Dear Mr. President,
“The highest and best function of a jury is not…to dispense
punishment to fellow citizens guilty of breaking the law, but rather to protect
fellow citizens from tyrannical prosecutions and bad laws imposed by a
power-hungry government.” (Lust for
Justice: The Radical Life and Law of J. Tony Serra, p. 115.) As I read this
quote by the legendary defense lawyer, I thought about John Kiriakou. Kiriakou did
not have a jury’s protection from the tyranny of the state and was sentenced to
30 months in prison. The ostensible harm he did to national security is so
secret that he was not permitted to know what it was. To not see the charges
against you violates the fundamental concept of law; it is the hallmark of a
tyrannical state. Bradley Manning is another political prisoner of our
tyrannical state and, as a U.S. Army soldier, he is under the jurisdiction of a
military tribunal and will never have the protection of a jury of his peers.

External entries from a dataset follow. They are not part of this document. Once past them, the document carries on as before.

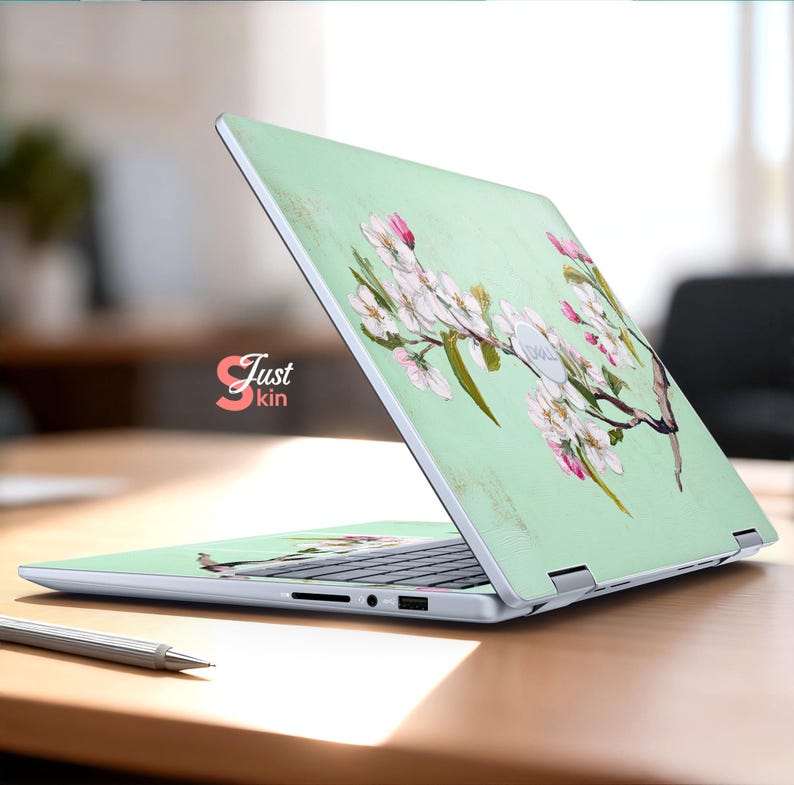 May include: A laptop skin with a floral design of white and pink blossoms on a pale green background. The laptop is open on a wooden desk. The text "Just kin" is visible.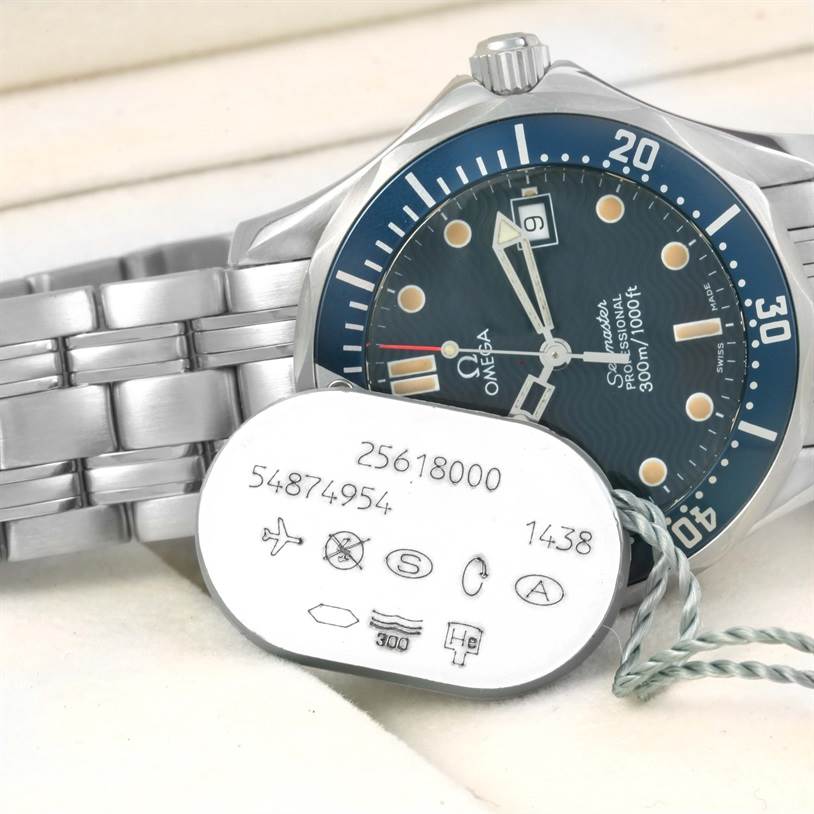 The image shows a side view of the Omega Seamaster 2561.80.00 Men
s Stainless Steel Blue Dial 2561.80.00 Men
s Stainless Steel Blue Dial watch with its metal bracelet and a tag displaying serial numbers and symbols.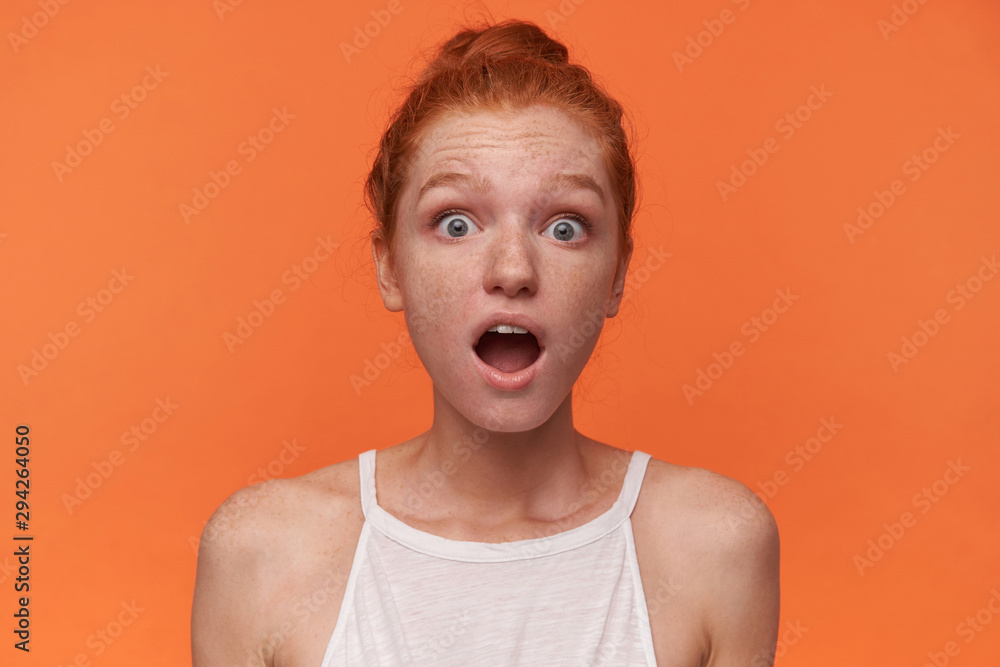 Close-up of surprised young female wearing her red hair in knot over orange background, wearing white top, looking to camera with wide mouth opened and rounding eyes amazedly Close-up of surprised young female wearing her red hair in knot over orange background, wearing white top, looking to camera with wide mouth opened and rounding eyes amazedly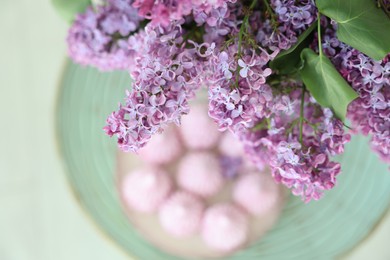 Photo of Beautiful lilac flowers over table with dessert, above view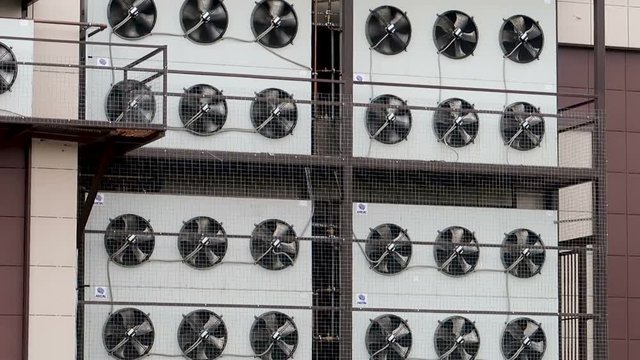 Air conditioner unit fan rotating. Industrial air conditioning sustem on the wall outdoors. 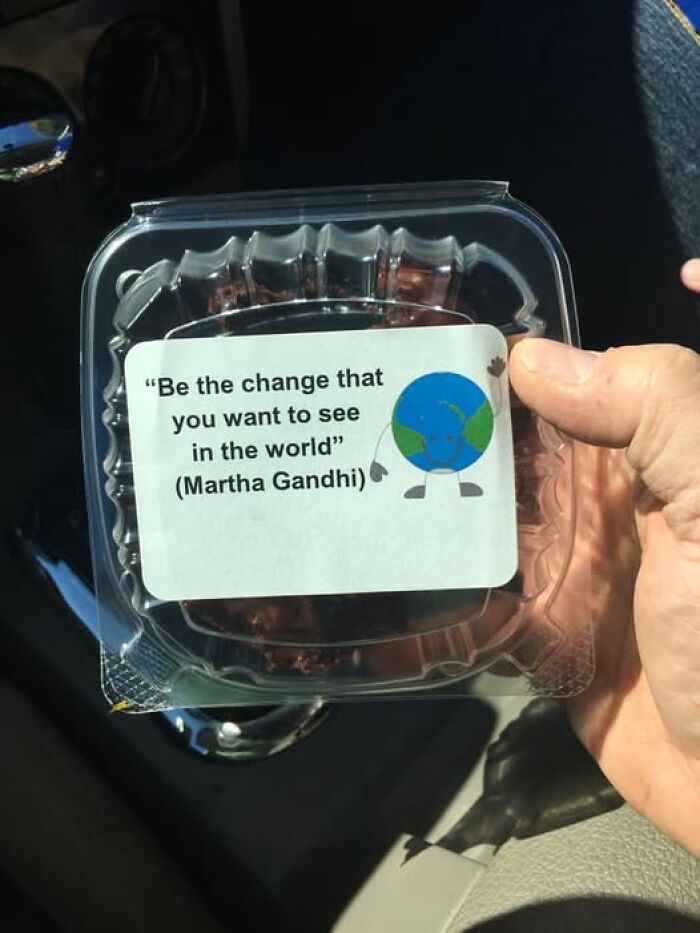 Hand holding a plastic container with a humorous autocorrect error quoting Martha Gandhi instead of Mahatma Gandhi.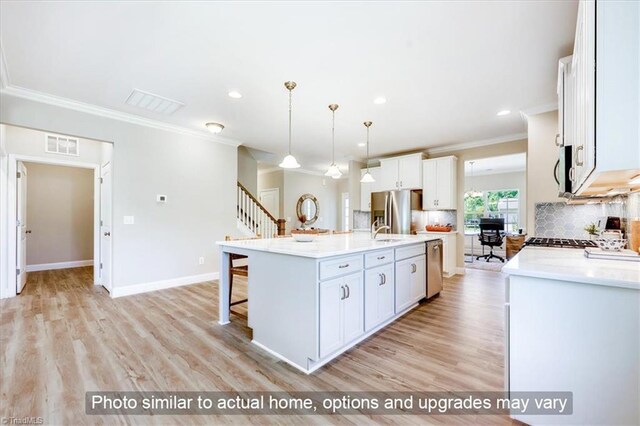 kitchen with crown molding, a kitchen breakfast bar, light wood finished floors, light countertops, and backsplash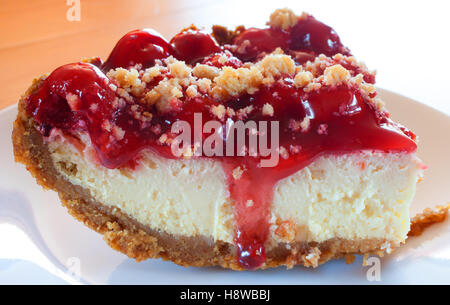 Großes Stück Käsekuchen mit Keks Kruste und Kirsch-topping Stockfoto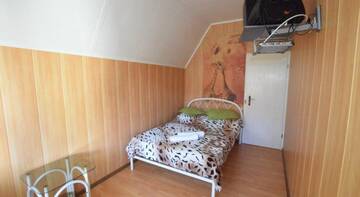 Фото номера Семейный номер с террасой Гостиница Green House Na Turchinskogo г. Красная Поляна 3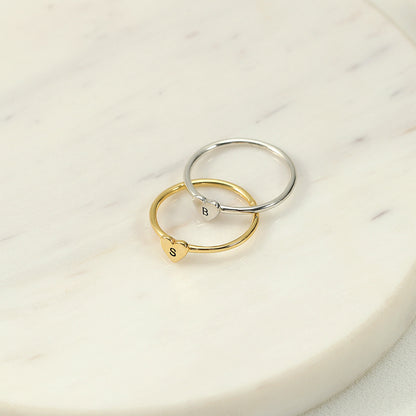 Two rings, one with a heart-shaped initial in gold colour and another in silver colour, placed on a marble surface.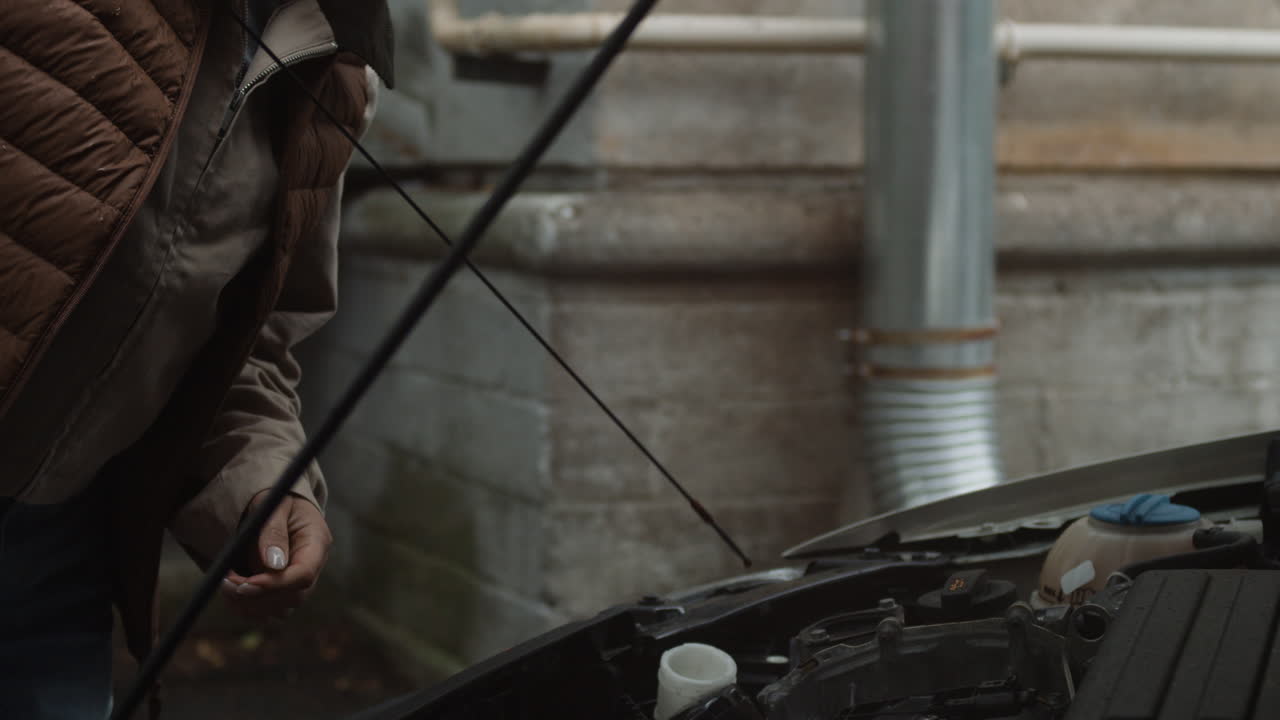 Checking car engine oil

Manning’s crime was to expose war crimes, duplicity and the abuse of power by
the state. Kiriakou’s real crime was not the leaking of a covert agent’s name
but disclosure of the CIA’s use of torture—waterboarding. Both Manning and
Kirakou have paid a heavy price. Manning has spent 984 days in prison without a
trial, 11 months in solitary confinement under conditions of torture. Since
2007, when Kiriakou disclosed the CIA’s use of torture, he has been followed constantly
by the FBI and audited every year by the IRS. The DOJ has filed charge after
charge against him, he has racked up more than a million dollars in lawyer fees
defending himself, his wife was forced out of her job at the CIA and he has
become unemployable as a result of the government’s harassment. The Washington
Post reports that the FBI is increasing the pressure in their search for the source
of leaks about our illegal cyberwar against Iran. Your administration clearly
is waging war against its citizens’ right to know what their government is
doing and it has had a chilling effect. Suppression of information is an
indication of tyranny. I thought the first test of whether you had “gone back
to your progressive roots” as many hopeful pundits predicted, would be your decision
on Keystone XL. I was wrong. The first test will be whether you pardon John
Kiriakou. I am not hopeful, however; nothing in your past and nothing you have said
recently indicates a turn toward justice and the restoration of democracy. It
is a dark and dangerous time in America.